> _What is expected_: Pictures in the listing below are skipped, while the lines from the "Clothes Louis Vuitton 4" line through the "C1 (264)almond brown wood grain" line are returned word for word.

> _Data to examine_:

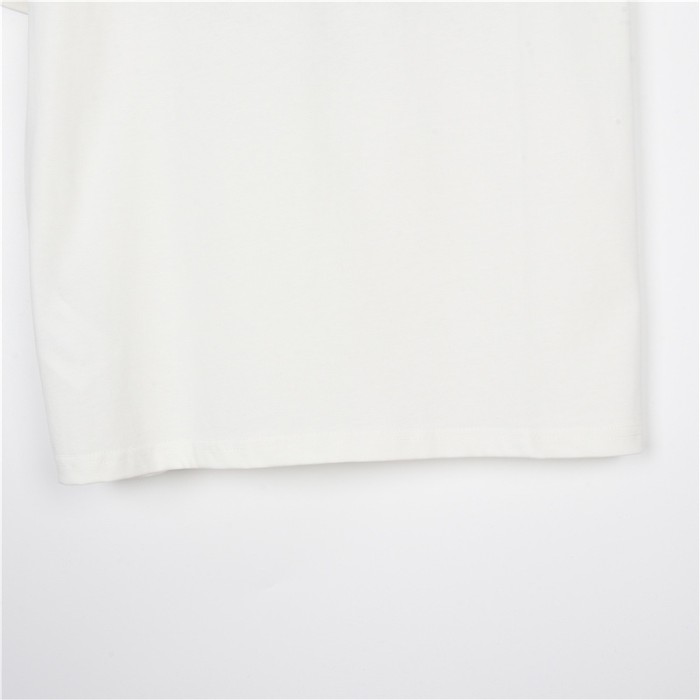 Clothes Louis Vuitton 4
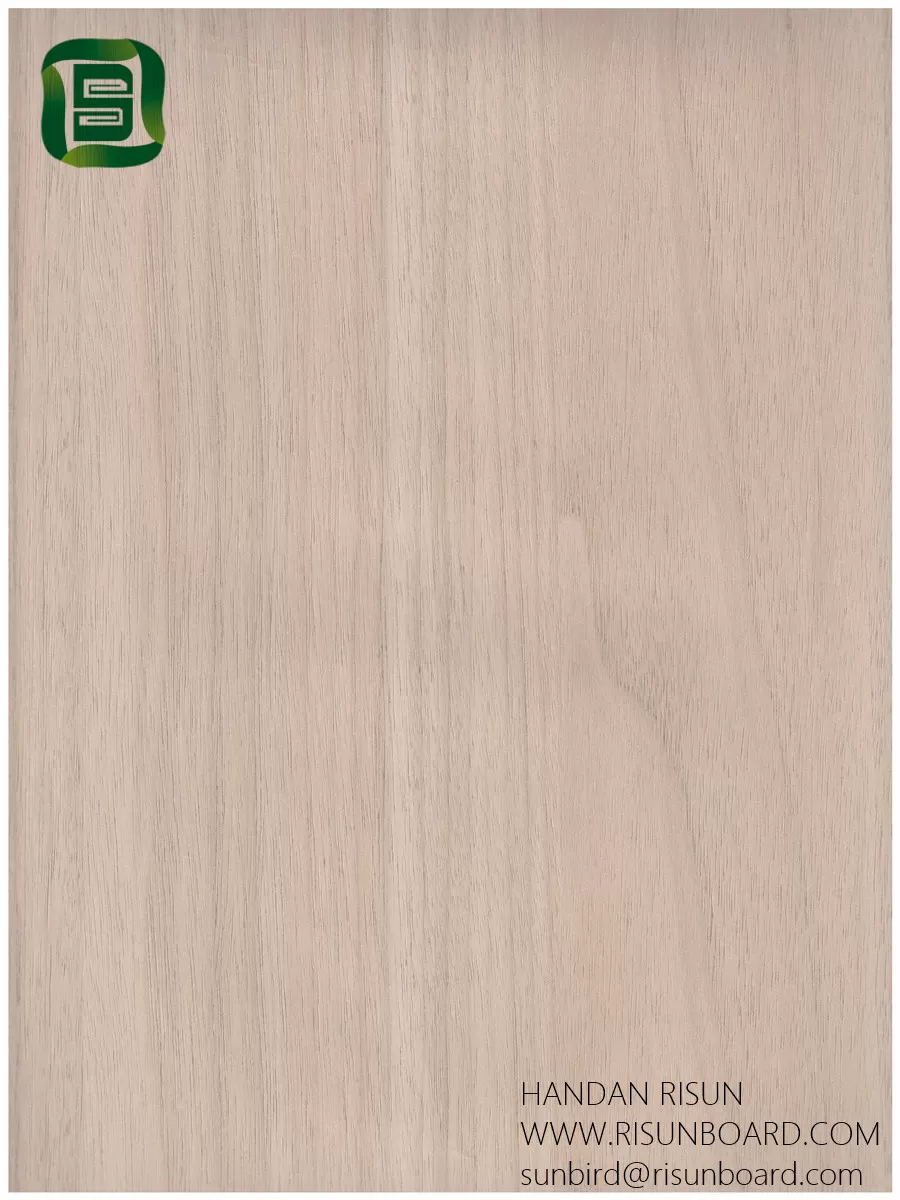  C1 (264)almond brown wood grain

* * *

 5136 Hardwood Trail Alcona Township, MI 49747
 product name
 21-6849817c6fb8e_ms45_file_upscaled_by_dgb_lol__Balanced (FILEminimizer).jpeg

> _Reply_:
 Clothes Louis Vuitton 4
  C1 (264)almond brown wood grain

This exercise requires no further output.